§ Work request:
Going down the data below, set down exactly the line with "Подержанный Mercedes-Benz GLE" and each line after it through the line with "Spetses Retreat Accommodation Exterior foto"; no other lines.

§ Data for analysis:
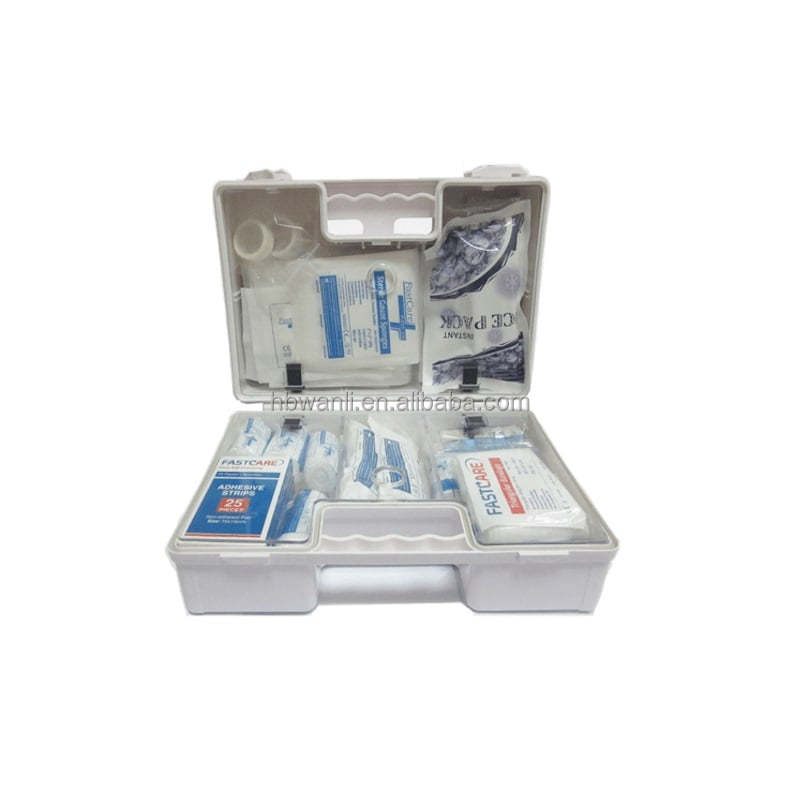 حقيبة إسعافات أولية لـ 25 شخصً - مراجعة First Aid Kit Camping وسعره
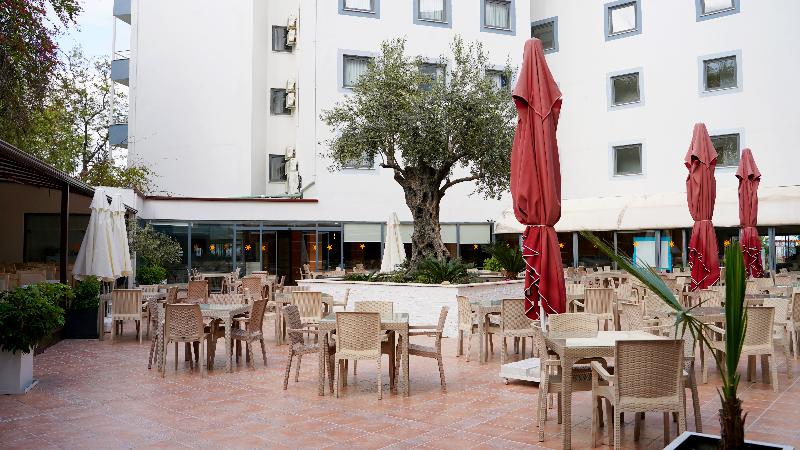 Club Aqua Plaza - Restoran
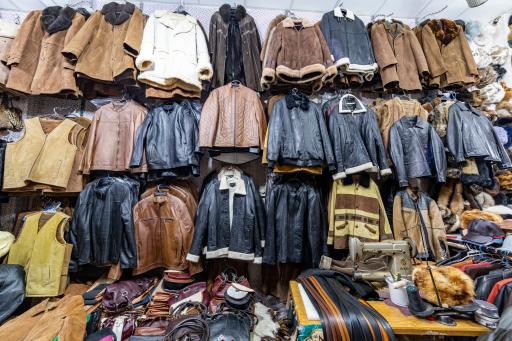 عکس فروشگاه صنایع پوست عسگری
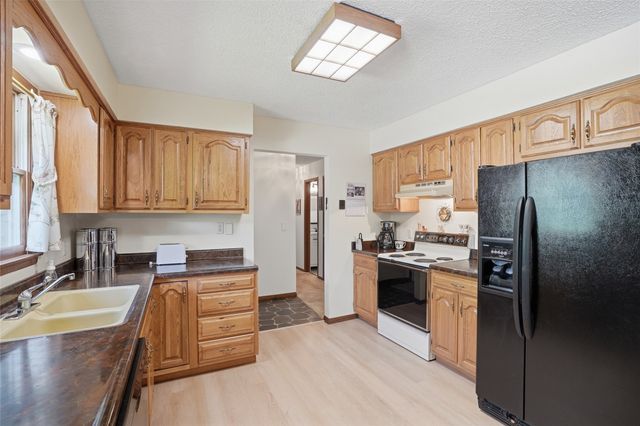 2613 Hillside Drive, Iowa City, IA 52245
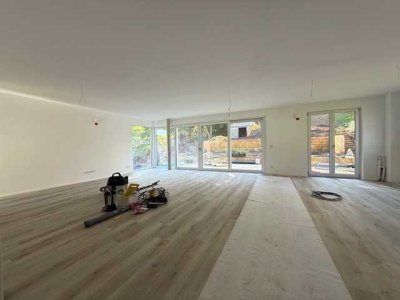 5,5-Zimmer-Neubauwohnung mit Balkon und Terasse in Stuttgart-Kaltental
--
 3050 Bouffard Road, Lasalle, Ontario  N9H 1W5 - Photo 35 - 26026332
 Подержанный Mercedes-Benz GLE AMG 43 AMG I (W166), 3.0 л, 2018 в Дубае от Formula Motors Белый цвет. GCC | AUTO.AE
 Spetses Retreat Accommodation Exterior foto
==
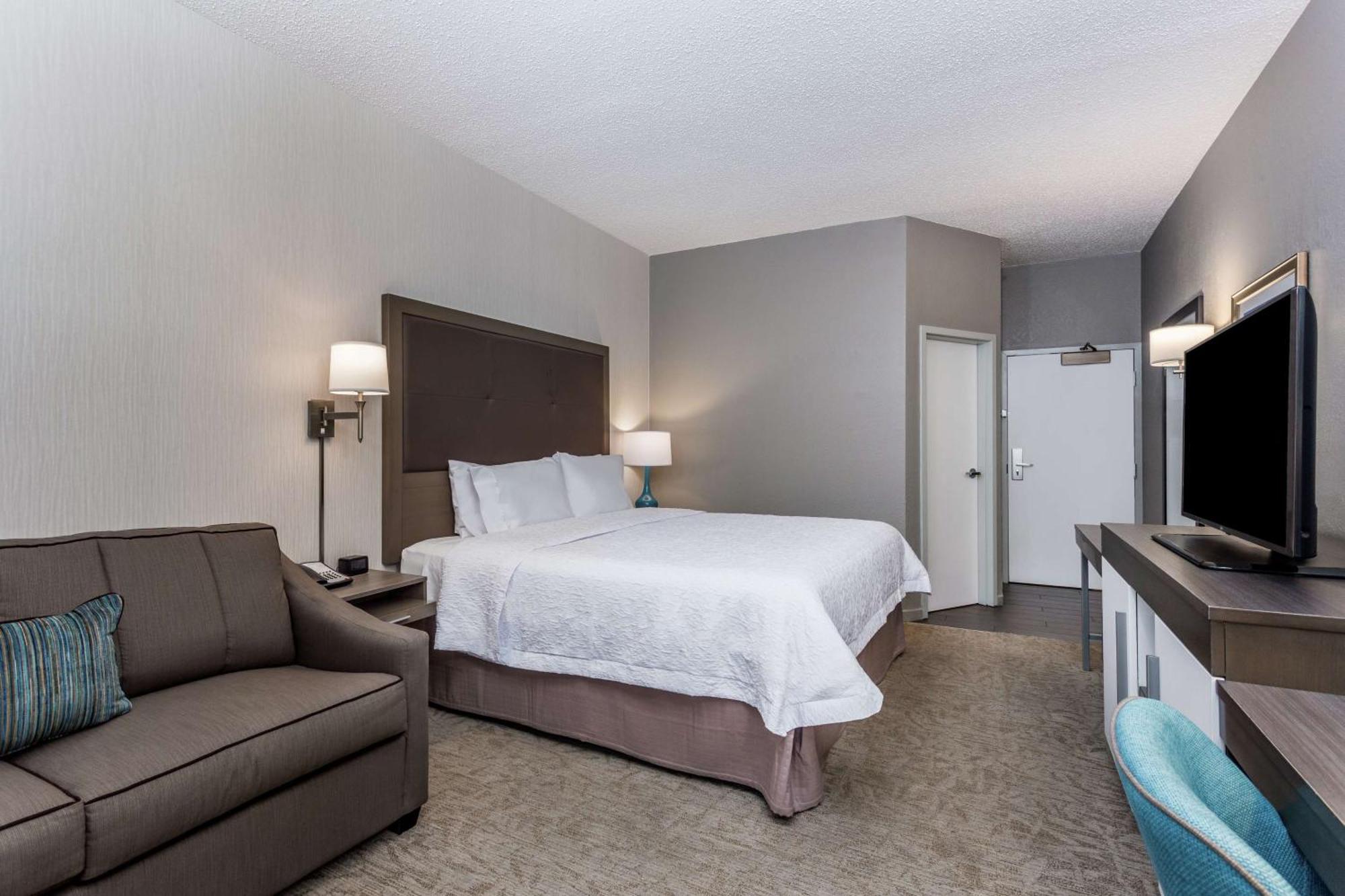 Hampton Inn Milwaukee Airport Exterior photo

§ Solution below:
 Подержанный Mercedes-Benz GLE AMG 43 AMG I (W166), 3.0 л, 2018 в Дубае от Formula Motors Белый цвет. GCC | AUTO.AE
 Spetses Retreat Accommodation Exterior foto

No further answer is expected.